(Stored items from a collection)
* * * * * * * * *

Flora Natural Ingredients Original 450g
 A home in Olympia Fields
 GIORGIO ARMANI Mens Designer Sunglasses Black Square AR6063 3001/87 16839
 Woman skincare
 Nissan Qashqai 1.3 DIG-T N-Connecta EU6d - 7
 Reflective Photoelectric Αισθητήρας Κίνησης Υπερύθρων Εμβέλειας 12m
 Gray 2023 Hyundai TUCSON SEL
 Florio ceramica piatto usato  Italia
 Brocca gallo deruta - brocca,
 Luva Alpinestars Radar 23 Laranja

* * * * * * * * *

__Exercise goal__. Give back, unchanged, the line that holds "A home in Olympia Fields" along with all lines after it through the last line above.

__Reply to the task__.
 A home in Olympia Fields
 GIORGIO ARMANI Mens Designer Sunglasses Black Square AR6063 3001/87 16839
 Woman skincare
 Nissan Qashqai 1.3 DIG-T N-Connecta EU6d - 7
 Reflective Photoelectric Αισθητήρας Κίνησης Υπερύθρων Εμβέλειας 12m
 Gray 2023 Hyundai TUCSON SEL
 Florio ceramica piatto usato  Italia
 Brocca gallo deruta - brocca,
 Luva Alpinestars Radar 23 Laranja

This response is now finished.